EXERCISE AIM: Among the lines of data below, reproduce only those from the one with "Apartment - St." through the one with "Renault Kadjar 1.5l", exactly as they stand, both ends included.

MATERIAL PROVIDED:
----
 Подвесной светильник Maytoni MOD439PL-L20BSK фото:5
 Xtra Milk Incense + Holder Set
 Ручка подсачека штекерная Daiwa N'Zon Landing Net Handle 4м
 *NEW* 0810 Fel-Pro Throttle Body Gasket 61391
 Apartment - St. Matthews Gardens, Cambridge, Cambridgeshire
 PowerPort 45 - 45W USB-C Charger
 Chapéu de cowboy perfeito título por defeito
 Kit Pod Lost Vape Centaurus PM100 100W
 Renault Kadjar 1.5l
----
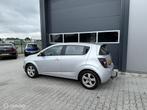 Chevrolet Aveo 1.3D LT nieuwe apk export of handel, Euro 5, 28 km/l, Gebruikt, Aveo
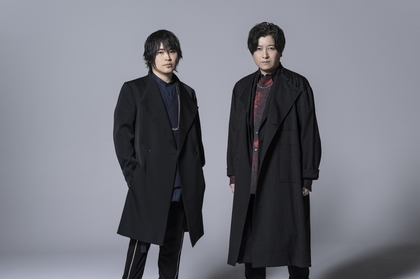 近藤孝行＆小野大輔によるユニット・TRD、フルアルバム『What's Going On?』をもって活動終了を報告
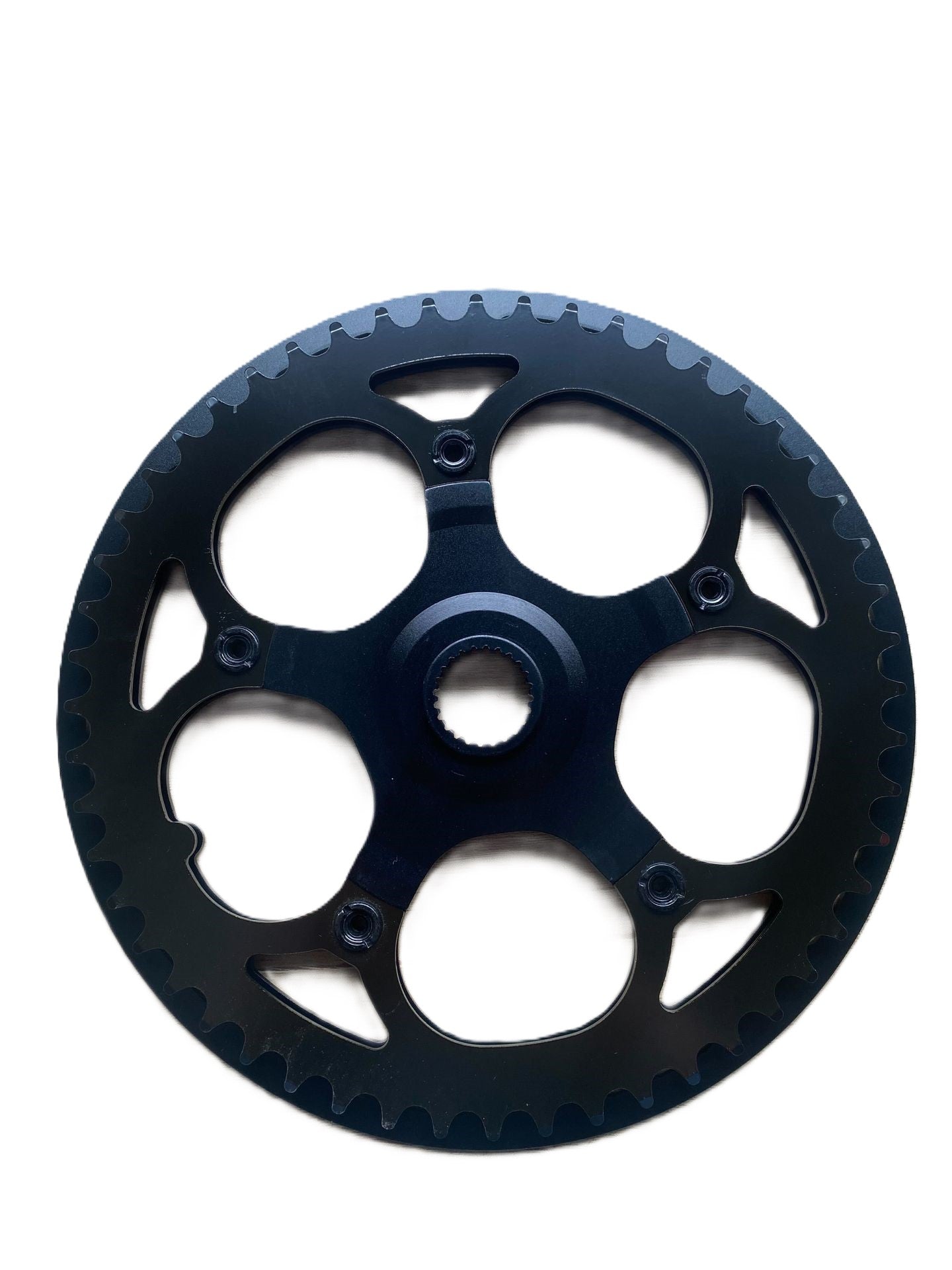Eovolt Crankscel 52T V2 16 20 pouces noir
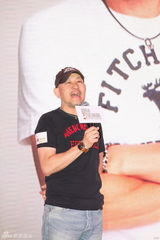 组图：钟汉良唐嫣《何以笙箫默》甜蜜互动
----
SOLVED PROBLEM:
 Apartment - St. Matthews Gardens, Cambridge, Cambridgeshire
 PowerPort 45 - 45W USB-C Charger
 Chapéu de cowboy perfeito título por defeito
 Kit Pod Lost Vape Centaurus PM100 100W
 Renault Kadjar 1.5l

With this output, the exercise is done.